For tax purposes, the open market value would be involved. The market values for tax purposes would be more than the price determined under the Leasehold Reform, Housing and Urban Development Act 1993, as that only applies to leaseholders of at least two years’ standing and reflects a share in the ‘marriage value’. Others would have to pay more.

The lessees would be treated as disposing of their existing leases at market value and acquiring the new leases at their greater value. The unpaid difference would be subject to income tax, either as a benefit in kind if they are directors, or treated as if it were a dividend under Corporation Tax Act 2010 s 1064. If the unpaid difference is treated as employment income, the company would have a liability for Class 1A NIC at 13.8%. 
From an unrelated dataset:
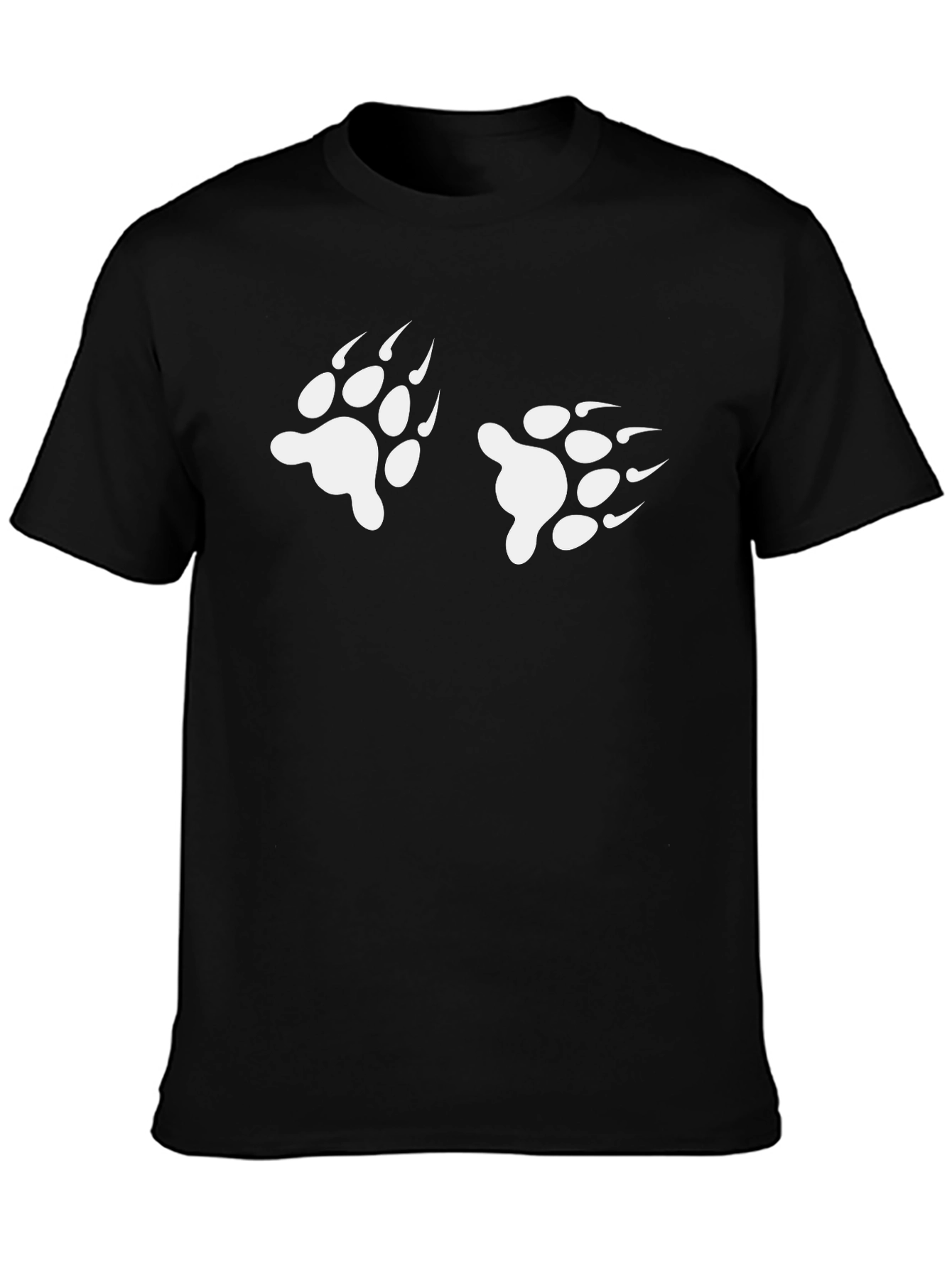 Black T-Shirt with White Paw Prints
The company would have a liability for corporation tax anyway, with no cash available. 

Other considerations

If this were after March 2023, the small profits rate of 19% might not be available. If the company is a ‘close investment-holding company’ (under Corporation Tax Act 2010 s 34), the corporation tax rate would be 25%. The company would be caught if it is ‘connected’ with the lessees (see s 34(3)).

An individual is ‘connected’ with a company if, together with those connected with him or her, such as relatives, etc., the individual controls the company (see Corporation Tax Act 2010 s 1122). Certainly, if most of the individual lessees of flats in a block owned by a company are related to one another, each lessee will ‘control’ the company and will therefore be connected. In addition, even if the lessees are not related, any two or more persons acting together to secure or exercise control of a company are connected with one another, and each is therefore connected with the company. 

However, it is thought that HMRC doesn’t take this as applying to the typical situation of a company owning the freehold of a block of flats, whose members are the lessees of those flats. In any case, the extra-statutory concession D39 would not be available, resulting in possible capital gains tax liabilities for the lessees. Clearly, this is not an advisable route.
Although it will rarely apply, one should also recognise the possible relevance of the annual tax on enveloped dwellings (ATED). Corporate lessees of flats of sufficient value should already be aware of any ATED responsibilities. Less obvious is the situation where an individual lessee is ‘connected’ with the company owning the freehold of his flat, as considered above. 

ATED applies if the property is worth more than £2 million and the company’s interest is worth more than £500,000 or the property is worth £2 million or less and the company’s interest is worth more than £250,000. The values referred to are normally those at 1 April 2017 or subsequent acquisition (see Finance Act 2013 s 110).